Outfield: Aaron Judge, Giancarlo Stanton, Brett Gardner
Judge and Stanton make up the hardest-hitting duo in the major leagues, both ranking in the top five in average exit velocity on batted balls. Stanton accounted for 10 of the 12 hardest hit baseballs in 2019, with the other two being off the bats of Judge and Sanchez. If both stay healthy throughout the whole season, there is a legitimate chance they could become the sixth pair of teammates in history to eclipse 100 home runs.

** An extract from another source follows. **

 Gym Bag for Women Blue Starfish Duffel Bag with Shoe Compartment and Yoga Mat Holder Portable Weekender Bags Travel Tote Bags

Gardner offers a much different role in the Yankee lineup as the table-setter for the plethora of sluggers lurking behind him. He will move over from his regular left field position to center field until Hicks returns from his back injury.
Utility: D.J. LeMahieu and Tyler Wade
Although he has accumulated nearly 900 games and three Gold Gloves at second base, LeMahieu will take over a utility role with his new team. He is expected to get time at all four infield positions, allowing Boone to plug the career .298 hitter into his lineup on a regular basis.

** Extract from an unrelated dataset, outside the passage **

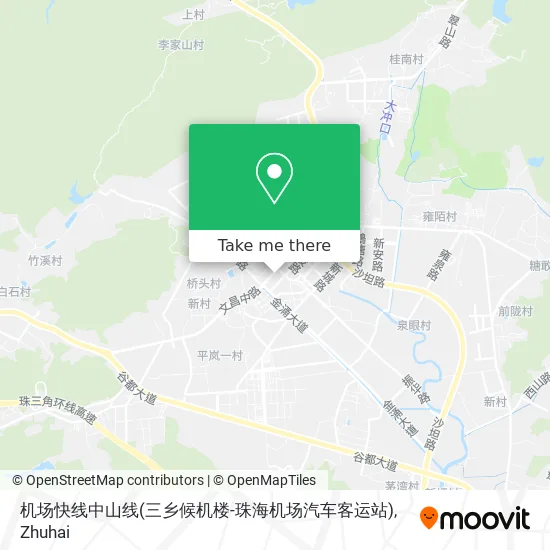 机场快线中山线(三乡候机楼-珠海机场汽车客运站) map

The injury to Hicks opens up the fourth outfield spot on the roster. Clint Frazier may also be an option, but his poor Spring numbers may come second to Wade’s stellar March. Wade offers more versatility than Frazier since he is not only confined to the outfield but is a natural middle infielder.

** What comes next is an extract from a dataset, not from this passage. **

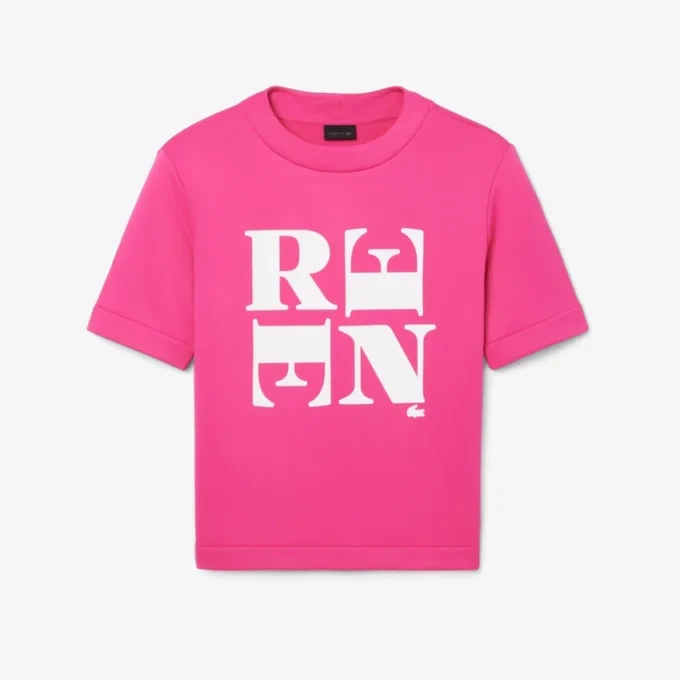 Satynowy T-shirt z nadrukiem z kolekcji Runway Satynowy T-shirt z nadrukiem z kolekcji Runway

Starting Pitchers: Masahiro Tanka, James Paxton, J.A. Happ, Gio Gonzalez, and Luis Cessa
The Yankees’ opening series versus the Baltimore Orioles will go Tanaka starting his fourth Opening Day, with Happ and Paxton slated for games two and three. After that, remains an unknown for New York.
With Severino’s season not expected to start until May, the Yankees went outside of the organization to find starting pitcher insurance with the signing of Gio Gonzalez this week. He has proven to be a reliable piece in any rotation he has taken part of, making at least 27 starts and winning double-digit games in the past nine seasons.
When Sabathia returns from his anticipated short stint on the injured list, he will then have to serve a five-game suspension. The numbers that Cessa has produced this Spring would certainly point to him taking the start in the games Sabathia will be absent. Cessa has allowed one run in 17 innings, allowing only ten batters to reach base and striking out 18.
Relief Pitchers: Aroldis Chapman, Zack Britton, Adam Ottavino, Chad Green, Jonathan Holder, Stephen Tarpley, Tommy Kahnle and Domingo German
Not only the injury to Betances but the injuries to the starting rotation as well have opened early and middle innings roles in the Yankee bullpen. Chapman, Ottavino, Britton, Holder, and Green were five definite locks in the bullpen prior to Spring Training. The Yankees bullpen has led the majors in strikeouts-per-nine-innings in the past five seasons, and their 11.4 K/9 in 2018 was the highest in major league history.
Kahnle, German and Tarpley have all produced Spring campaigns worthy of earning a place on the big league club. Combined, they have tossed 29 innings of 0.93 ERA baseball, striking out 34 hitters and holding them to a .198 average.